Considérant qu'il n'est en effet pas discuté que la cabine de douche n'a pas pu être installée avec toutes les fonctionnalités prévues en raison d'une section insuffisante (16) du tuyau d'alimentation; que le diamètre à prévoir pour ce type d'installation sanitaire est au minimum 18 mm voire 20 mm selon les entrepreneurs qui ont établi les devis des travaux de reprise à la demande des époux Maillet.
Considérant qu'il incombait à la société Socolo, vendeur professionnel, d'informer les époux Maillet, consommateurs, que la cabine de douche équipée d'hydrojets nécessite une section des tuyaux d'alimentation et des évacuation supérieure à la section standard.
Considérant que le courrier adressé le 13 novembre 2001 par la société Socolo au conseil des époux Maillet précisant "le 24 juillet, le constructeur est venu passer la commande pour le carrelage et la cabine de douche. Je lui ai soumis le problème de hauteur et de pression d'eau. Le constructeur m'a dit qu'il était au courant de ces problèmes et que c'était résolu." qui peut apparaître comme une preuve que la société Socolo s'est constituée à elle même a posteriori ne suffit en tout état de cause pas à établir que la société Socolo a fourni à l'acquéreur une information précise sur le diamètre des tuyaux d'alimentation et d'évacuation nécessaire au fonctionnement de la cabine de douche vendue.

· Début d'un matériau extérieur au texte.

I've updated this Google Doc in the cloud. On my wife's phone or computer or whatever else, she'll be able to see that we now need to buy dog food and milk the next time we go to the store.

Considérant que ce manquement du vendeur professionnel à son obligation d'information est préjudiciable aux acquéreurs qui ne peuvent faire usage du bien qui leur a été vendu;
Considérant que c'est en vain que la société Socolo invoque l'irrecevabilité de la demande comme tardive; en effet la demande des époux Maillet ne relève ni de la conformité du bien vendue ni de la garantie due par le vendeur mais du non-respect de son obligation d'information pour laquelle la réclamation n'est contractuellement enfermée dans aucun délai; que de même la société Socolo ne peut se soustraire à l'obligation d'information prévue par le texte d'ordre public susvisé en invoquant une clause contractuelle limitative de garantie.

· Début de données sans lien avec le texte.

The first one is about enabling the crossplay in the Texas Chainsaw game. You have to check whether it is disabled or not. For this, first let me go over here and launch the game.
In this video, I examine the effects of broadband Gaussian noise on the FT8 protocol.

Considérant que le jugement qui a retenu un manquement du vendeur professionnel à son obligation d'information sera confirmé.

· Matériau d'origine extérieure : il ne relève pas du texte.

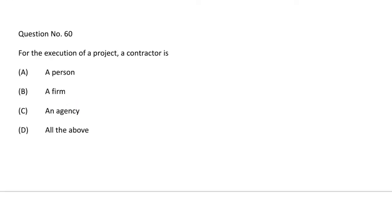Next question: for the execution of the project, a contractor is — option A a person, option B a firm, option C an agency, option D all the above. The correct answer is option D, all the above.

Considérant que le premier juge a justement fixé à la somme de 4 000 euro la réparation du préjudice subi par les époux Maillet à raison du manquement du vendeur à son obligation d'information, correspondant à l'adaptation des tuyaux d'alimentation et d'évacuation nécessaire à la mise en œuvre de toutes les fonctionnalités de douche vendue; que les époux Maillet jouissent actuellement d'une douche à usage classique; qu'en conséquence les devis qu'ils ont fait établir postérieurement au jugement, au cours du dernier trimestre 2003, soit plus de deux années après la réalisation des travaux, pour un montant compris entre 6 et 7 000 euro ne peuvent justifier la remise en cause de cette juste évaluation.
Considérant que la société Socolo qui succombe supportera la charge des dépens; qu'il serait inéquitable de laisser à la charge des époux Maillet l'intégralité des frais non compris dans les dépens; qu'il sera fait droit à leur demande à hauteur de 800 euro par application de l'article 700 du nouveau Code de procédure civile.
Par ces motifs, Statuant publiquement par décision contradictoire en dernier ressort, Révoque l'ordonnance de clôture et admet aux débats les conclusions signifiées par les époux Maillet le 14 janvier 2004, Confirme le jugement entrepris en toutes ses dispositions, Et y ajoutant, Condamne la société Socolo à payer à Monsieur et Madame Maillet la somme de 800 euro en application de l'article 700 du nouveau Code de procédure civile, La condamne aux dépens qui seront recouvrés par la SCP Jupin & Algrin, avoués, conformément aux dispositions de l'article 699 du nouveau Code de procédure civile.